La controfigura
Autres titres: The double
Real: Romolo Guerrieri
Année: 1971
Origine: Italie
Genre: Giallo
Durée: 88mn
Acteurs: Jean Sorel, Ewa Aulin, Lucia Bosè, Silvano Tranquilli, Marilù Tolo, Giacomo Rossi-Stuart, Pupo De Luca, Sergio Doria, Bruno Boschetti, Antonio Pierfederici...

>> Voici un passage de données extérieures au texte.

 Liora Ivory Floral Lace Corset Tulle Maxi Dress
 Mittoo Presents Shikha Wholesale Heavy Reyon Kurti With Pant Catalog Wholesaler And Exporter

Résumé: Alors qu'il regagne sa voiture dans un parking souterrain Frank, un architecte raté, est abattu par un inconnu. A l’agonie, il se souvient des derniers mois de sa vie et reconstitue les évènements qui ont conduit à son assassinat. Alors qu'il séjournait au Maroc en compagnie de sa jeune épouse, Frank est tombé sous le charme de sa belle-mère, Lucia, venue les rejoindre. Il va vivre une relation torride avec elle jusqu'à l'arrivée d'un mystérieux jeune hippie américain. Le jeune garçon va vite faire tourner la tête non seulement à Lucia mais aussi à sa fille, attisant la jalousie morbide de Frank. De retour à Rome, Frank qui a bien souvent souhaité la mort du garçon, retrouve son cadavre. Il est persuadé que le meurtrier ne peut être que Lucia et brûle le corps. Malheureusement elle ne peut être la coupable, étant absente le jour de son décès. Le liste des suspects est bien mince mais la vérité est peut être toute autre. C'est peut être la raison pour laquelle Frank vient d'être abattu par cet inconnu...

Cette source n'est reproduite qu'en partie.